Contenders: Xtracycle Edgerunner Electric and Yuba Spicy Curry

Contenders: Xtracycle Edgerunner Electric and Yuba Spicy Curry

We now have two kinds of mid-drive longtail cargo bikes for you to try back to back: Xtracycle's EdgeRunner 9 and 10E, and Yuba's Spicy Curry. Heck, you could even buy either or both, yesterday.

These represent a convergence of thinking in the upper echelon of the world's longtail cargo bike makers: all two of them. Xtracycle and Yuba are fierce competitors, so there's a certain tension discussing them side by side. So many toes in such a tight shoe. But the competition is fertile, the one company driving the other to ship better, first, or cheaper bikes and accessories. There's a whole lot of copying going on, too.

Xtracycle pioneered the longtail cargo concept with the FreeRadical hitchless trailer. The FreeRad was a breakthrough product that proved hard to sell as great base bikes became hard to find, with too many conversions exhibiting too much flex to make ideal urban family car replacements. Yuba's founder left Xtracycle to make a complete heavy duty bike version, the Mundo. Xtracycle answered the challenge with a one-piece version of its own, the lighter weight EdgeRunner, lowering the center of gravity of the cargo area with a smaller rear wheel. Unsurprisingly, Yuba has followed with a smaller rear wheel and lighter weight on the new Spicy Curry.

What's new to both companies' flagship models is the best kind of electric assist for cargo: mid-drive. This means that the motor doesn't power a wheel directly, but instead takes advantage of the same variable gearing on the bike that you do. It's a mechanically more complicated approach than hub motors, but decisively better when you need lots of low-speed torque as well as a decent top end.

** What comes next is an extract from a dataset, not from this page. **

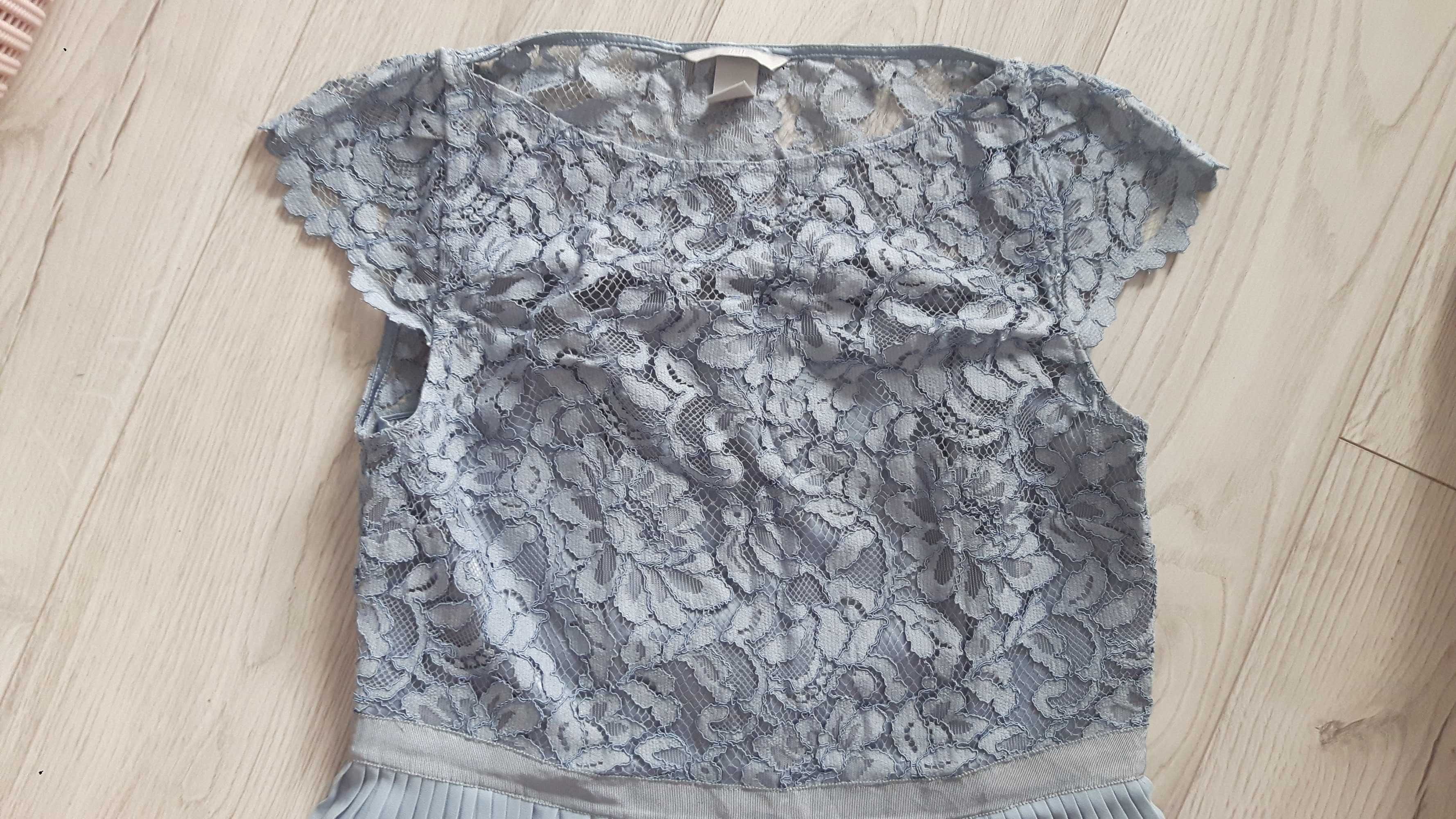 Sukienka nowa H&M koronkowo plisowana błękitna/gołębia, r. M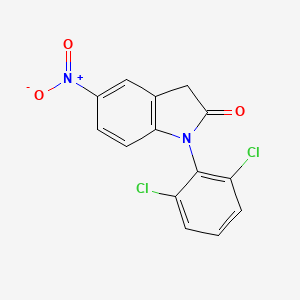molecular formula C14H8Cl2N2O3 B8568365 1-(2,6-Dichloro-phenyl)-5-nitro-1,3-dihydro-indol-2-one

We've been personally involved using, breaking, inventing, patenting, manufacturing, refining, selling and promoting mid drives for longtail cargo bikes for almost 15 years in the form of our Stokemonkey product. There remain cases where Stokemonkey is the best approach, but suddenly now with both Xtracycle and Yuba offering mid drives as a factory option, those cases are much less common.

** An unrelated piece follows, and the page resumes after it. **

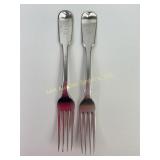 (2) English sterling forks 110 grams John & Henry
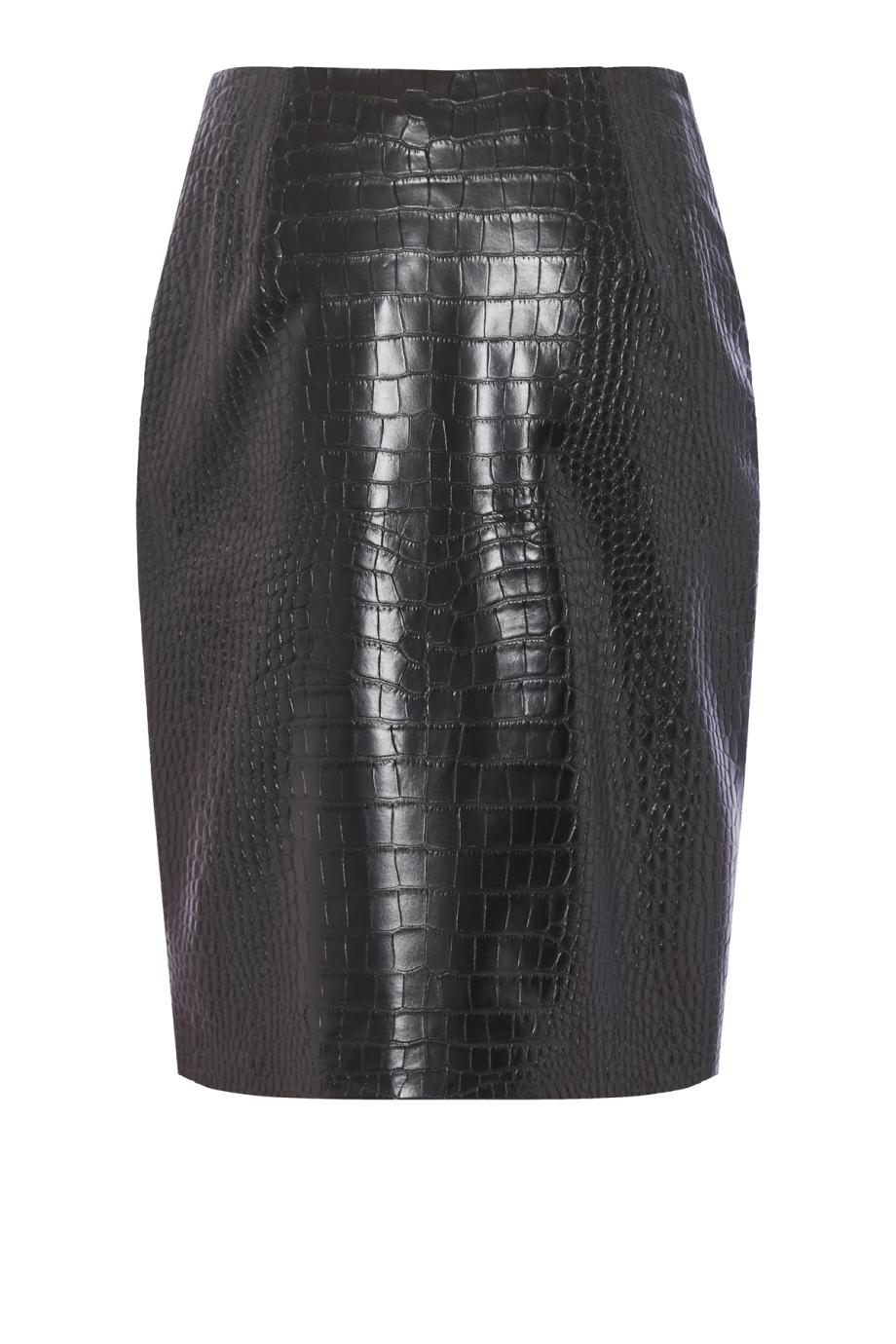 Embossed faux croc-leather midi skirt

So how do these two contenders compare? Here are our first impressions:

Yuba Spicy Curry

It's the bang-for-buck winner, or is at least poised to assume that position if its assist proves reliable. The drive unit, by volume leader Currie Technologies, is more powerful than that of the Bosch assist on Xtracycle's offering. It is lighter than an unassisted Mundo. It has a lower step-over than EdgeRunner, and an even lower rear deck. It is better fabricated and specced than earlier Yuba products, with more sensible features like lights and fenders included in the base price than EdgeRunner, even at nearly $1500 less (though EdgeRunner comes with bags and the popular center stand). The ride is very stiff and confidence inspiring: massive aluminum tubing braced every which way. The jury is out on the various modular accessories forthcoming, but Yepp seats pop right into the deck with zero fuss. The assist, while potent, is less refined in feel than that of the EdgeRunner, tending to be balky at low speeds and exhibiting a comparatively on-off quality at higher. Still, it's super fun, with almost universal rave reviews from early test riders.

Xtracycle EdgeRunner 9E, 10E

Sophistication. Xtracycle's products have long shown greater attention to detail, and a certain aesthetic cohesion lacking in Yuba's. This is no different. Everything about Spicy Curry is new to Yuba, while this is Xtracycle's third generation of EdgeRunner, and it shows. Are these differences -- each small but adding up -- worth the price difference? Depends on what's important to the rider. If you've been ambivalent about electric assist because you take pleasure and pride in your skill and strength on a bike, fearing that a motor would diminish this experience, then the Bosch assist on these EdgeRunners may win you over. It is by far the most refined electric assist we've yet experienced, nearly transparent, never making your skill and strength feel redundant, nor training you insidiously to pedal or shift differently just to coax more or less help out of the motor. Where the Spicy Curry's assist seems to come on full tilt whenever you're moving the pedals, simply sensing cadence, EdgeRunner's clearly is doing something more nuanced, apparently reckoning power from torque and cadence together, and complementing your moves like a good dance partner. It feels great.